Welchen Wandel erkennen Sie im Gästebild? Ist für die meisten nicht ein Schweinsbraten ein Schweinsbraten – und gut ist?

So war das früher. Doch das hat sich geändert. Unsere Gästestruktur hat sich deutlich verjüngt und die jüngeren Gäste von heute verfügen über eine höhere Kaufkraft als junge Gäste vor 20 Jahren. Heute will man den kulinarischen Kontext eines Gerichts kennen. Woher stammt das Fleisch? Wurde das Gemüse nachhaltig oder konventionell angebaut? Nicht jeder Gast stellt diese Fragen laut, aber immer mehr legen sie bei ihrer Entscheidung zugrunde, wohin es zum Essen gehen soll. Regionalität ist ein Mega-Trend und ein Thema, das für uns in den beiden Ayinger Wirtshäusern schon seit Jahren Bestandteil unserer Küchen-Philosophie ist. Heute machen wir das auch nach außen transparent: über unsere Speisenkarte mit Herkunftsangaben zu unseren Zutaten und im persönlichen Gespräch mit unseren Gästen.
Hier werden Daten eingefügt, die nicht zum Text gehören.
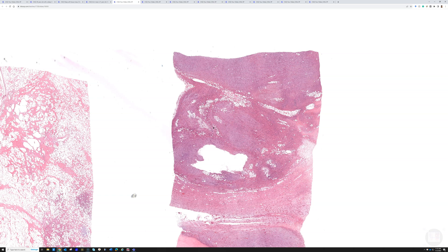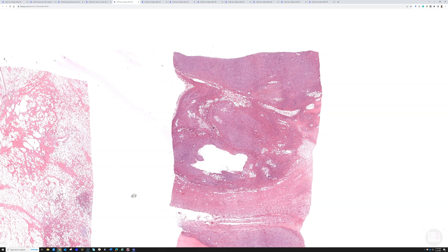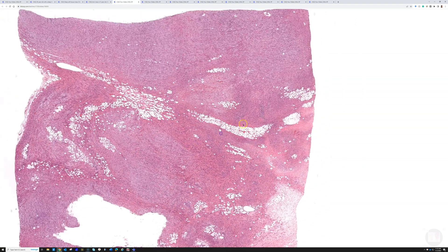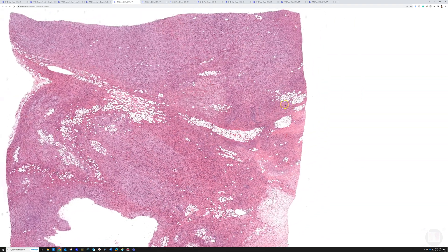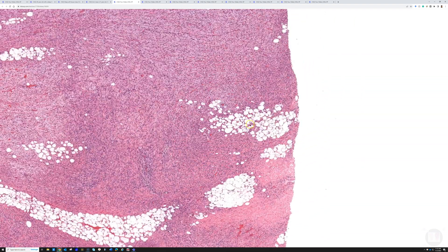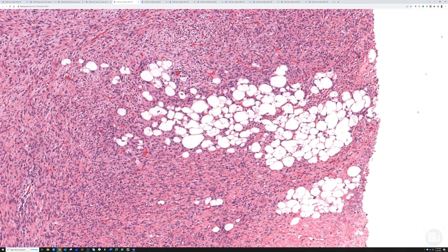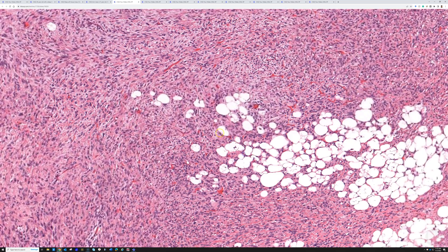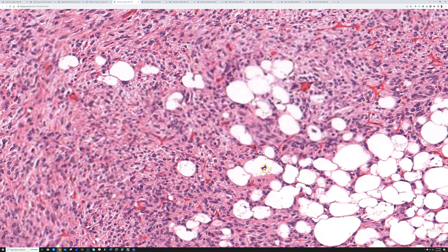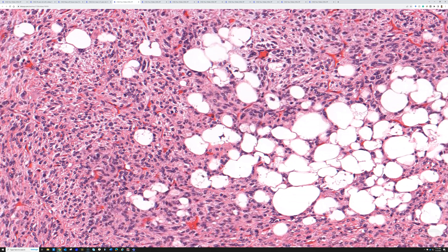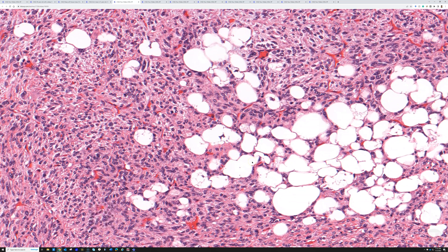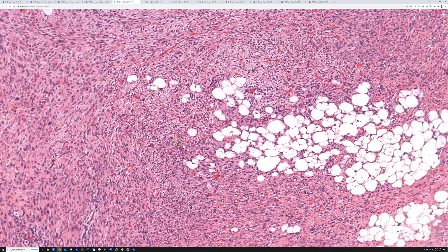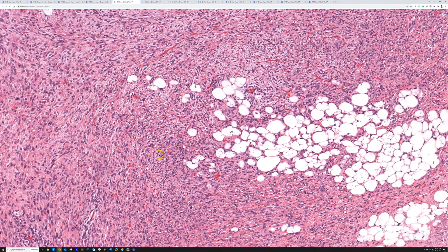The de-differentiated component can have a wide range of different morphologic features. A lot of them look like undifferentiated pleomorphic sarcoma - bizarre, atypical spindle cells with no fat, no lipoblasts, nothing. But a subset can actually have lipoblasts. Now we recognize that a small subset of de-differentiated liposarcomas actually do have pleomorphic lipoblasts, called homologous lipogenic differentiation.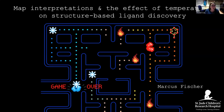Marcus did his PhD in York on fragment-based ligand discovery and then went on to do postdoctoral work in San Francisco and Toronto. The focus of his work is how changes in temperature affect protein flexibility and how we can take account of that with structure-based ligand discovery. He is now based at St. Jude's in Memphis, Tennessee.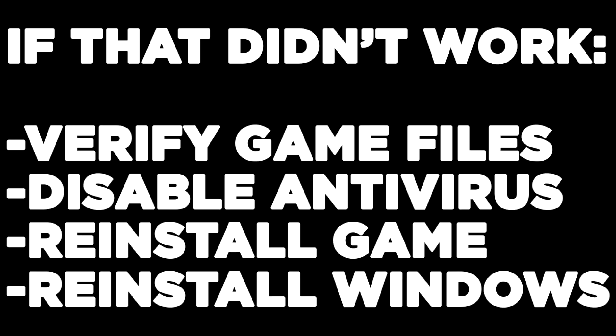If that didn't work, verify game files, disable antivirus, reinstall the game, or reinstall Windows.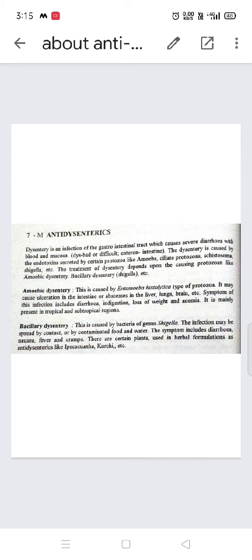Bacillary dysentery is caused by bacteria of the genus Shigella, unlike amoebic dysentery which is caused by protozoa. This infection may be spread by contact or by contaminated food and water. The symptoms include diarrhea, nausea, fever, and cramps, similar to food poisoning.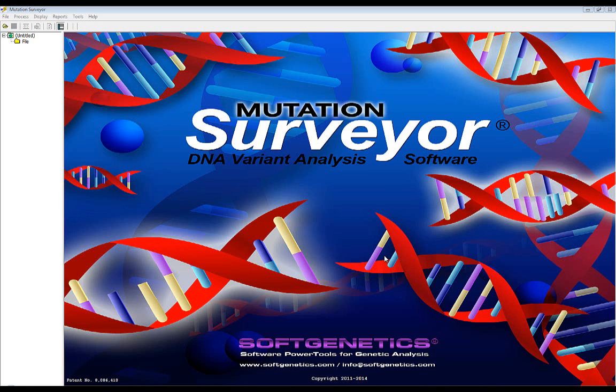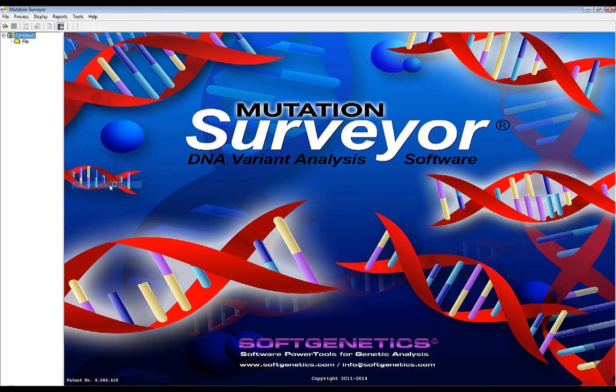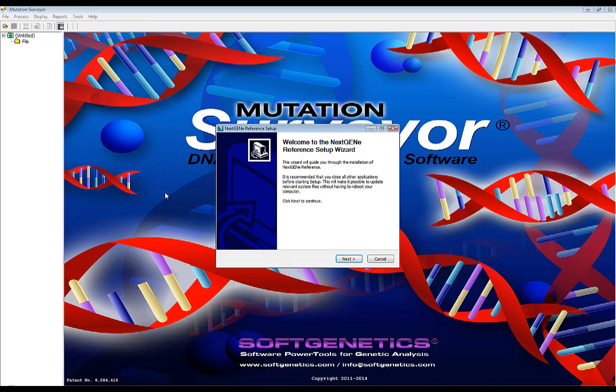To import database annotation into Mutation Surveyor, a whole human genome reference must be downloaded and saved on your computer. To start the download, navigate to the Tools menu at the top of the screen and select Import Reference to open the Import Reference wizard. This wizard will guide you through the download process, but if you have any questions, please contact us by telephone or send an email to tech_support@softgenetics.com.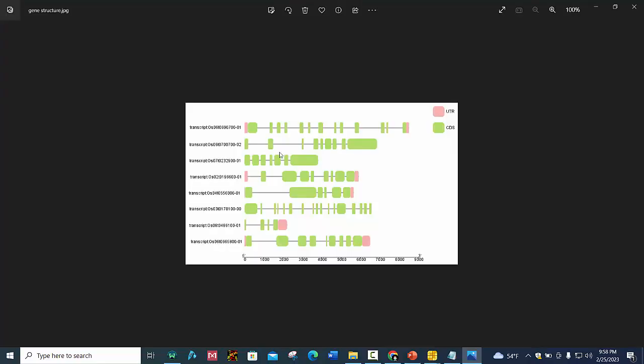By this you can draw your gene structure and use it in your manuscript. It's all about gene structure. Thank you.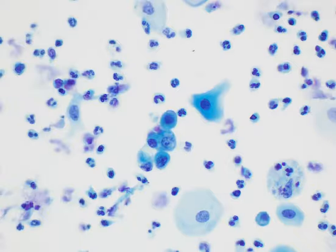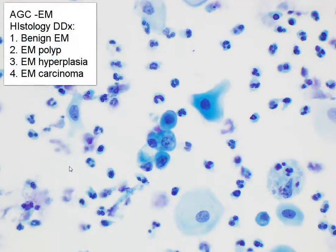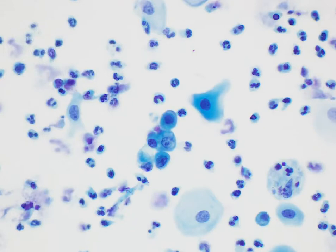Usually we would want to recommend examination of the endometrium, either with a Pipelle or a curettage. Possible outcomes could be benign endometrial cells on histology, endometrial polyps, endometrial hyperplasia, or even endometrial carcinoma.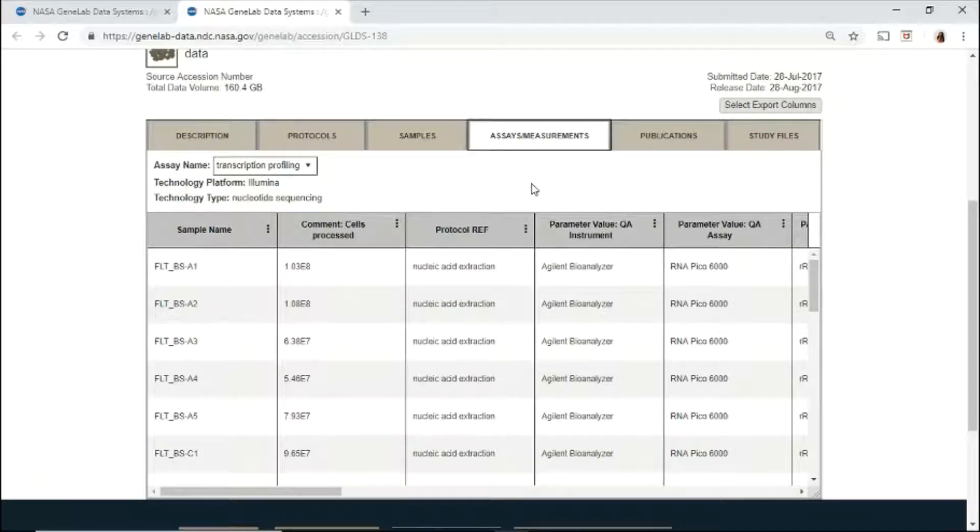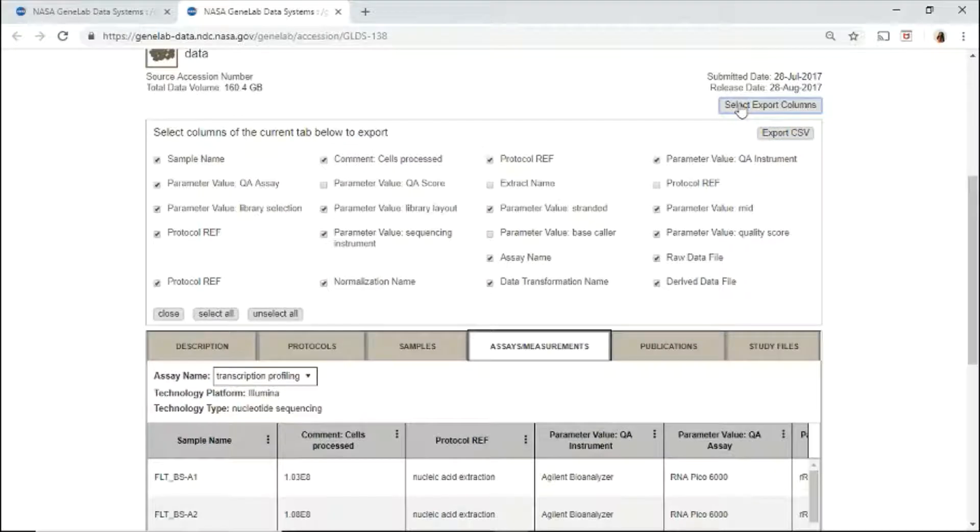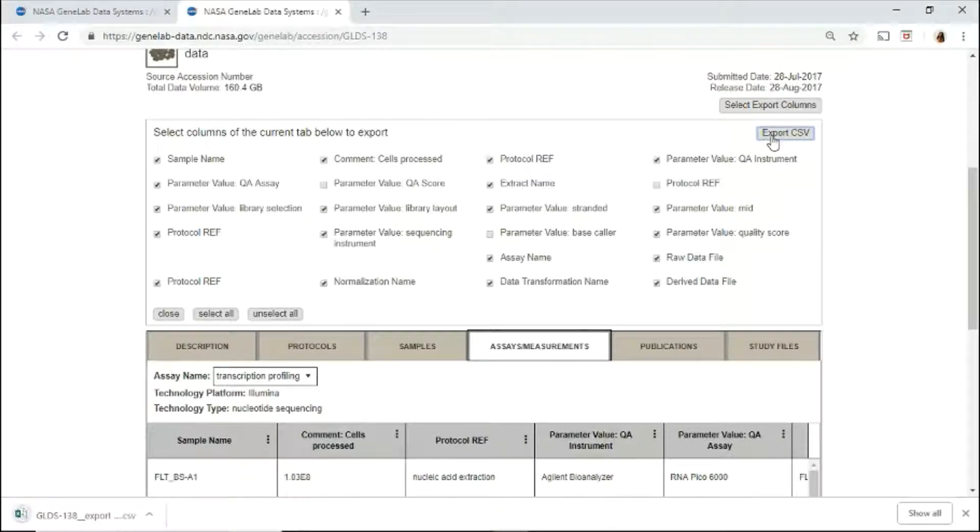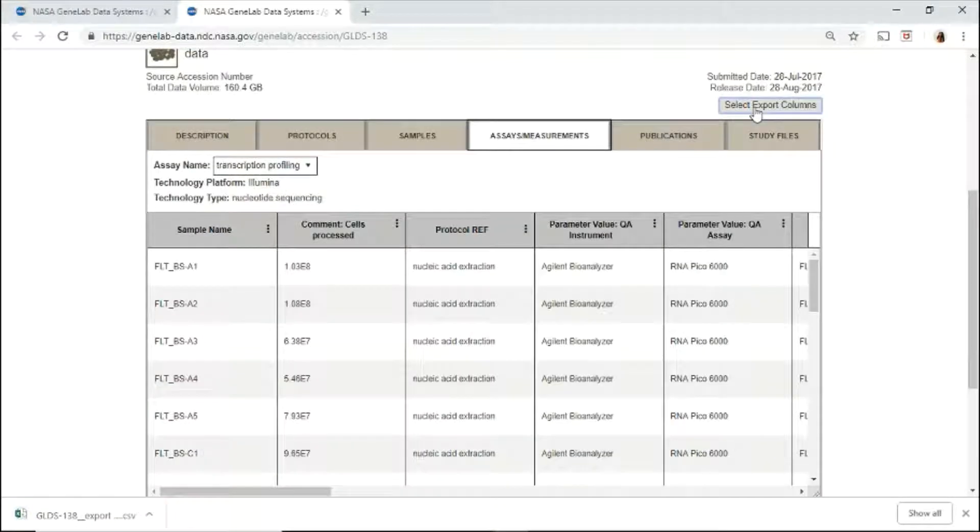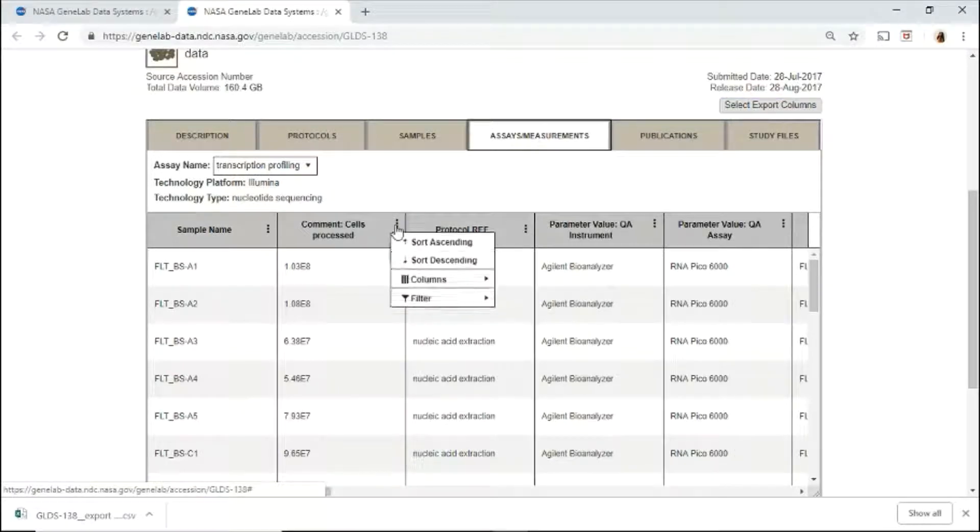The samples and assay tabs provide sample and assay level information about the experiment. You may export the sample or assay table by clicking select export columns, select the columns of interest, and click export CSV to download your file.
Manchmal könnte man den Eindruck gewinnen, dass heute jeder mindestens vegetarisch, ja eigentlich nur noch vegan essen sollte – wie gehen Sie damit um?

Man muss schon noch unterscheiden zwischen öffentlich wahrnehmbaren Trends und dem, was die Menschen ganz individuell für sich möchten. Das geht Hand in Hand, ist aber nicht identisch. Natürlich gibt es hier eine klare Bewegung hin zu mehr vegetarischen und veganen Speisen. In meinen Augen ist jedoch der eigentliche Trend der, hin zu einem wachsenden Qualitätsbewusstsein und dem Wunsch nach mehr Nachhaltigkeit – auch auf dem Teller. Aber ganz klar gehen wir auch hier mit der Zeit. Und das ist für mich als Koch sehr spannend. Wir integrieren, variieren und kombinieren immer mehr vegetarische und vegane Komponenten in unseren Gerichten und übersetzen dabei kulinarisch das Traditionelle der Gerichte in eine moderne Küchensprache. Das ist sehr spannend und wir als gesamtes Küchenteam können uns hier auf eine neue, kreative Weise einbringen und die Tradition transformieren.

Sie sprechen von Ihrem Küchenteam und vom Wandel des Gästebildes. Wird heute auch das Berufsbild Koch und Köchin wieder attraktiver? Hat es sich verändert?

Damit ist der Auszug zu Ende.